One more stop before the tour was over. We weren't told exactly what we would be doing, just to only wear our swimmers (crazy Aussie term for swimsuit), and to bring and wear nothing else. Then we were given headlamps. Intriguing! We got into some inflatable kayaks, and I was convinced that we were going to kayak through a dark cave and then come out a waterfall. Sounded pretty awesome. But after paddling for about a minute we got out at the mouth of a cave. Cave swimming!

The guides took led us through the cave and showed us where to carefully swim (lots of very sharp rocks under water). We went back into the cave, turned off our headlamps and enjoyed that total blackness that one so rarely experiences. We also learned that this cave, called Dark Cave, is most likely the only one like it in the world. Like all of the other mountains in the area, this cave was found in a limestone mountain. But if you looked around at the rock inside the cafe, they were different, dark (hence Dark Cave). Now, if rock names meant anything to me I would remember just what mind of rock it was what had seeped thrugh a crack in the crust many millions of years ago. But, shame on me, I have no idea. Maybe cobalt? I know there were some lovely strips of quartz mixed in. That I remember.

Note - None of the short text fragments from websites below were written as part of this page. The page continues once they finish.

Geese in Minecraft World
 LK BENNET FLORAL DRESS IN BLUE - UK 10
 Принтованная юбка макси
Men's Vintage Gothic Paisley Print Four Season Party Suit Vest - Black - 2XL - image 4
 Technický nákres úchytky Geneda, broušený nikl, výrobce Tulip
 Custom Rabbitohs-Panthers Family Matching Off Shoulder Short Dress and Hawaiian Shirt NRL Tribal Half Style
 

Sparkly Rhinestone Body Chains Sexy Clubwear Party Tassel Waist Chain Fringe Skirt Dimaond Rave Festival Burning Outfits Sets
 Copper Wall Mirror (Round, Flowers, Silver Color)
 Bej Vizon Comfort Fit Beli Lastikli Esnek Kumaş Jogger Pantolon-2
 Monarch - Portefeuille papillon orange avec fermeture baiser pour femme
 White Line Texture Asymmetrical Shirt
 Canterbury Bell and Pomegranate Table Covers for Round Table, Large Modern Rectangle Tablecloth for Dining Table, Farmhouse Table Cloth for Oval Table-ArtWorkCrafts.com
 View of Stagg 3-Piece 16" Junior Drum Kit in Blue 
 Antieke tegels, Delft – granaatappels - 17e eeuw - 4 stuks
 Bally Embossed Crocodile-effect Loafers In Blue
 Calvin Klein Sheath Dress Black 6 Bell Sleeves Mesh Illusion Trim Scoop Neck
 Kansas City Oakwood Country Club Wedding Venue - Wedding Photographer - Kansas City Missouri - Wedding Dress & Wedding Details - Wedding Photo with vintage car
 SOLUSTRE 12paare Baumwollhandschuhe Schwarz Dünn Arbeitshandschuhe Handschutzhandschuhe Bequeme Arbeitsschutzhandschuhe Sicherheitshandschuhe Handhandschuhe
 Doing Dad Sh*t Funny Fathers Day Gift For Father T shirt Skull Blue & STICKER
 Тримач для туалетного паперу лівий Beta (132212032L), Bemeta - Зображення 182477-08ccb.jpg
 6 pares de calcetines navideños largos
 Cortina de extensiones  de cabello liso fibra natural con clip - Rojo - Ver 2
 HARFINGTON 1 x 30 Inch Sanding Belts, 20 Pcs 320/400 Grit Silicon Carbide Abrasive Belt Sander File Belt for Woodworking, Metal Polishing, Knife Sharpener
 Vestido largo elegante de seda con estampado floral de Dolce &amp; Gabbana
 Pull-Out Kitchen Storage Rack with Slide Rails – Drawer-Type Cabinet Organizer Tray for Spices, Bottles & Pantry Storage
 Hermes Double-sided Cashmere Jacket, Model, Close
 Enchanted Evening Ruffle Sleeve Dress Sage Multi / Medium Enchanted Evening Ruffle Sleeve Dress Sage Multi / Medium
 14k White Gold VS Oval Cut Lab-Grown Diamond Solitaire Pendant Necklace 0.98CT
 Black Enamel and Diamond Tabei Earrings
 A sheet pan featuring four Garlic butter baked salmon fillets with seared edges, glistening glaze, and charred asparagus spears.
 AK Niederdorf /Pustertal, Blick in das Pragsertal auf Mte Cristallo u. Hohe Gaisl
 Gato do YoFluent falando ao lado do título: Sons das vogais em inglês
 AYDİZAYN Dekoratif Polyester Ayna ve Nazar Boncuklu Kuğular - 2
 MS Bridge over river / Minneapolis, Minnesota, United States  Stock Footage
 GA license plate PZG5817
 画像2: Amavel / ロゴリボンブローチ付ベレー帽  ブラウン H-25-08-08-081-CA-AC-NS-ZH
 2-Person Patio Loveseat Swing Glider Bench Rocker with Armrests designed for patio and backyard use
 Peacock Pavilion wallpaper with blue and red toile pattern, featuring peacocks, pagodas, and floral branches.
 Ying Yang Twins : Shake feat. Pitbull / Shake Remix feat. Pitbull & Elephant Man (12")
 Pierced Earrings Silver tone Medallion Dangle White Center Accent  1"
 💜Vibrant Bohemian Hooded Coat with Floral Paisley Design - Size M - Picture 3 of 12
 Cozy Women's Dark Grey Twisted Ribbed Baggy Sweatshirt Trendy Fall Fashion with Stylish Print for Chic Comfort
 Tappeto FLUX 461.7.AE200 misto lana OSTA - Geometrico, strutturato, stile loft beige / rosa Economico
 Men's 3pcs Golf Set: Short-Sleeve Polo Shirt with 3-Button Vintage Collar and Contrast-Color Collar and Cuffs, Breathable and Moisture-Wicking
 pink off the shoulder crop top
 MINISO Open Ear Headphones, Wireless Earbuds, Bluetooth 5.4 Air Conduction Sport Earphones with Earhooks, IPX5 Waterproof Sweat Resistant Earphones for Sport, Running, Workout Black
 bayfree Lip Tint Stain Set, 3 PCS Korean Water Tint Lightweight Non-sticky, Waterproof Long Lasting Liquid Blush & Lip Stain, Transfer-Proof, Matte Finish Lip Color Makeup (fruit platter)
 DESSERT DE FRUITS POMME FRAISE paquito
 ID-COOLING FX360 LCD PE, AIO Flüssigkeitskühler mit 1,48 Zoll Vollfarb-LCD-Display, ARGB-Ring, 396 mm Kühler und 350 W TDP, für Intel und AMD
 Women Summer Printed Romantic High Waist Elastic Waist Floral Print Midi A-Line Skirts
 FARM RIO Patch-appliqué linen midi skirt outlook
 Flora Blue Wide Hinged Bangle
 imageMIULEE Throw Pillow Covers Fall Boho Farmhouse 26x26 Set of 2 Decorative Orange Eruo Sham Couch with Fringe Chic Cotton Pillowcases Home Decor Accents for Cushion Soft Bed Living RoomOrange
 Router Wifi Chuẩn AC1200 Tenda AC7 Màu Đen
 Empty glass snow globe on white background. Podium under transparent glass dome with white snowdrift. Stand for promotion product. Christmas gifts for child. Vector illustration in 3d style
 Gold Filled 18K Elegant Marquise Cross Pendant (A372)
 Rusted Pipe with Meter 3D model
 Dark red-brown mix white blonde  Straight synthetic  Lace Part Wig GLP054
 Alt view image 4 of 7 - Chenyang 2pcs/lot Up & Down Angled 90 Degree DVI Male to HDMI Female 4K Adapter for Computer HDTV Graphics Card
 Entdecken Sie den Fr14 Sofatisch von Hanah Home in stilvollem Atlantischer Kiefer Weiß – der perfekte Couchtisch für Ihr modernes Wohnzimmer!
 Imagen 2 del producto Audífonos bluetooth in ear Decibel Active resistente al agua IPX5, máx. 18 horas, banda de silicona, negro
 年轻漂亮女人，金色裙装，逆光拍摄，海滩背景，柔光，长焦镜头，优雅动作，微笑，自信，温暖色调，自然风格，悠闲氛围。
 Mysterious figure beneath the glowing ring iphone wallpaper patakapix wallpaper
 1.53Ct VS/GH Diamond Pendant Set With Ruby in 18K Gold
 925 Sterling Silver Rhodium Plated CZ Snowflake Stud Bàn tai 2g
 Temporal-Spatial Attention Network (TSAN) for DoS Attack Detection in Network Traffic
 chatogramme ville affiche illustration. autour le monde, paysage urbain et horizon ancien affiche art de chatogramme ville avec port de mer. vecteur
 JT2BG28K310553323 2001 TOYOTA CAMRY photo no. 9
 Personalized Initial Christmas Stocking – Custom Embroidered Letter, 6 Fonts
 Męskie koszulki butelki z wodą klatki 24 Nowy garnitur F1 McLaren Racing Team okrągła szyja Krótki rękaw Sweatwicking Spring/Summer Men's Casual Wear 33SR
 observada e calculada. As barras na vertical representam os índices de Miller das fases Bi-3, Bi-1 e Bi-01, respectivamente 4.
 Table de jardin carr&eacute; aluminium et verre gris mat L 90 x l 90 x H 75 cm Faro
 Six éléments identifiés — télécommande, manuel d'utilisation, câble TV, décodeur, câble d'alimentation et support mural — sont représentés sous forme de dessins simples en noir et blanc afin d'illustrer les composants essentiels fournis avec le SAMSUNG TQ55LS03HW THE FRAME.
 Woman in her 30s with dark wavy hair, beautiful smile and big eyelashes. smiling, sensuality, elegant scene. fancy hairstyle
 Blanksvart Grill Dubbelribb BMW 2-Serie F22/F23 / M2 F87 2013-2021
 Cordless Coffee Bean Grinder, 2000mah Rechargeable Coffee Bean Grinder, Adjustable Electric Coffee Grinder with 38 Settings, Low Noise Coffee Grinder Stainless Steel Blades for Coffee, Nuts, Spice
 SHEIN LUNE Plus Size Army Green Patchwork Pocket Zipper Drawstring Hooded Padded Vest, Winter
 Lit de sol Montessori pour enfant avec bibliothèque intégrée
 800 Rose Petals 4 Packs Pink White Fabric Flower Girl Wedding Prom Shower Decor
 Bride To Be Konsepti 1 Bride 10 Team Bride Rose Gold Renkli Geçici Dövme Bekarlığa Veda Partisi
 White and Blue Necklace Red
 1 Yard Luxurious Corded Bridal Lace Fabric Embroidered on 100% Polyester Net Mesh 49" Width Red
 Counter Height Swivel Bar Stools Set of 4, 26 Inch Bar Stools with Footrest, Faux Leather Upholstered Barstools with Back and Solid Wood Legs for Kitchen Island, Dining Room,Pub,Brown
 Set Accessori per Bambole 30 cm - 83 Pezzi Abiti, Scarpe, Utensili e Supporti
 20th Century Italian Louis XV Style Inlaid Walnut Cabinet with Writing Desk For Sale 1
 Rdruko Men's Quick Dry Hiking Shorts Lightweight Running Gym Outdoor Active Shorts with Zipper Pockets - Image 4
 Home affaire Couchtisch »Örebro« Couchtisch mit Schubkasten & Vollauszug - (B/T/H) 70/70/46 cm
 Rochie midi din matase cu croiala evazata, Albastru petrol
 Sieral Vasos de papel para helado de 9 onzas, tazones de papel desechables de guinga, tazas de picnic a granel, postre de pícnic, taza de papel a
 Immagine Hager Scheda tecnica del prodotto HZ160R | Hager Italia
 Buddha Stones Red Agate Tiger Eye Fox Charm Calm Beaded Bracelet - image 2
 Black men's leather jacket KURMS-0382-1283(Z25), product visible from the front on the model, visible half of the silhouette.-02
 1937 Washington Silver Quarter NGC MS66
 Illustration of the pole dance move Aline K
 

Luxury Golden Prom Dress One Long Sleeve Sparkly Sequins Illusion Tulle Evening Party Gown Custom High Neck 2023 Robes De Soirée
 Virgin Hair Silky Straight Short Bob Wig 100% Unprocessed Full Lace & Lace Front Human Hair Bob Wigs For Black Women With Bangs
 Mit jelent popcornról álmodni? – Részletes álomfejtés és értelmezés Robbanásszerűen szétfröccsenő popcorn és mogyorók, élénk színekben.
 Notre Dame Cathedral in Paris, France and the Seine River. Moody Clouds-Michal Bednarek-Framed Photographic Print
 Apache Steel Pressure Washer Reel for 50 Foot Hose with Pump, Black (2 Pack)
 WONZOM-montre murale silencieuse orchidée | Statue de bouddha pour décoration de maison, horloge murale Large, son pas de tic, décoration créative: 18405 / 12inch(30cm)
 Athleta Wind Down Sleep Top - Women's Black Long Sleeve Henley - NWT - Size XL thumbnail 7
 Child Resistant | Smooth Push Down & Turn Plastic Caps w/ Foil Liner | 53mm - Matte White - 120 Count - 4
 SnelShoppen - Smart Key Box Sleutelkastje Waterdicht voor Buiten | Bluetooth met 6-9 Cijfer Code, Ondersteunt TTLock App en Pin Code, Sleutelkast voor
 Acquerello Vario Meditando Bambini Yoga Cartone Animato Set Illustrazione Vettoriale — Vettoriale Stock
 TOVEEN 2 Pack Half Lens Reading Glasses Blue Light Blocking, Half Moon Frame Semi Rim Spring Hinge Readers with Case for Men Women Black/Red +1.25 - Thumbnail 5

This was one of my favorite days of the our entire trip so far. It packed so many great things into one little package: Vietnamese culture and development, American War history, geology, biology, swimming, hiking, etc. It was well worth the millions we paid for it!


1 comment:

  1. Without a doubt the picture of the girl is worth the space on the blog! And I love the rules. These pictures are amazing! Sounds like a great few days. Merry Christmas, friend. You are missed!